5. Submit the Application and Pay Fees

• Complete the application by filling in all required fields and ensuring all documentation is uploaded.
• Pay the relevant registration fees through MeDC@St. Fees may vary depending on the application type and device specifics.

6. Await MDA Review

• The MDA will review the application. For Class A devices, this review process is usually less rigorous compared to higher-risk devices, given the low-risk classification.
• The MDA primarily checks for proper documentation and compliance with the ISO 13485 standard and other regulatory guidelines.

7. Receive Registration Certificate

• Upon approval, the MDA will issue a registration certificate, authorizing the sale and distribution of the device in Malaysia.
• The certificate is valid for five years, after which it must be renewed.
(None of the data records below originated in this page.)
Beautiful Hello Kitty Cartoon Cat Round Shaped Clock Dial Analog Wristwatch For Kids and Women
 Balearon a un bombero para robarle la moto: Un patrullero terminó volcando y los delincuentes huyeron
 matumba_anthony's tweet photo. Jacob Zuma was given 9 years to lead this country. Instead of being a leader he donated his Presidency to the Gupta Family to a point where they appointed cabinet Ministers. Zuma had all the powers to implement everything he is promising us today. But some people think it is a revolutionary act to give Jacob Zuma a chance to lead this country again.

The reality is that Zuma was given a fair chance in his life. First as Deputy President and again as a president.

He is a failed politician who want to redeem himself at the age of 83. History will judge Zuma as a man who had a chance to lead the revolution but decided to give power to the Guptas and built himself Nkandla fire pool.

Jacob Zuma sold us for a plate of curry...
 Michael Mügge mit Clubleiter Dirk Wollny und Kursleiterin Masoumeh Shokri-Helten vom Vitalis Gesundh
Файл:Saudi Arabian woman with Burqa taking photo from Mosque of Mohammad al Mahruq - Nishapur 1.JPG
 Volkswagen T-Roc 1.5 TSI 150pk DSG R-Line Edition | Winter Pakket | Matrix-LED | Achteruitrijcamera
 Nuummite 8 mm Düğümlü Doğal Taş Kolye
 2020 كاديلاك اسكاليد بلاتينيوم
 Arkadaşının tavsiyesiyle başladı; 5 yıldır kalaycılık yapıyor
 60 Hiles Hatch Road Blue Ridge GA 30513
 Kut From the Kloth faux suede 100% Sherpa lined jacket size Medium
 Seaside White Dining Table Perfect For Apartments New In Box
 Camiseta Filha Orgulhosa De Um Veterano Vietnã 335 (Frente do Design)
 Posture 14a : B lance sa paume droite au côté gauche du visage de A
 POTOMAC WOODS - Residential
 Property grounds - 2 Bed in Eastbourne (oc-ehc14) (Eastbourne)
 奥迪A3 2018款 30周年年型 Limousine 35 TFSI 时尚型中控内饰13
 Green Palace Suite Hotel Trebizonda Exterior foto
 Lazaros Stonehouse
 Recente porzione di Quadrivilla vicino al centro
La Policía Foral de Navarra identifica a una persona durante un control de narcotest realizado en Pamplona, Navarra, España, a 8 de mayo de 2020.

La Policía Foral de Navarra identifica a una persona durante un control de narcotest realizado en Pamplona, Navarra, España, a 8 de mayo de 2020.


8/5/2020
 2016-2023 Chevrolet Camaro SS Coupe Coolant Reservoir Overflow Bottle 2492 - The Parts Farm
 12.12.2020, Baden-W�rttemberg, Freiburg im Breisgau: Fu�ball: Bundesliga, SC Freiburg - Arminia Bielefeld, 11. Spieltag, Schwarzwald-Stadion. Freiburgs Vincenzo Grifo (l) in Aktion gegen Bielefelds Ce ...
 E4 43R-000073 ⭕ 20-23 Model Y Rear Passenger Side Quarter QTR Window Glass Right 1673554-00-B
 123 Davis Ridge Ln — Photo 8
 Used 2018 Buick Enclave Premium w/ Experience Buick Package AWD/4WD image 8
8. Post-Market Surveillance and Compliance

• Maintain compliance with post-market requirements, including reporting adverse events, if any, and ensuring consistent quality control.
• Keep updated with any changes in MDA regulations to ensure ongoing compliance.

Summary of Requirements:

• ISO 13485 Certification: For quality management.
• Technical Documentation: Detailed product information and compliance records.
• Declaration of Conformity: Self-declaration by the manufacturer or AR.
• Submission on MeDC@St: Online submission and fee payment.

Following these steps carefully will streamline the registration process for Class A medical devices in Malaysia, helping you comply with MDA regulations and achieve market access effectively.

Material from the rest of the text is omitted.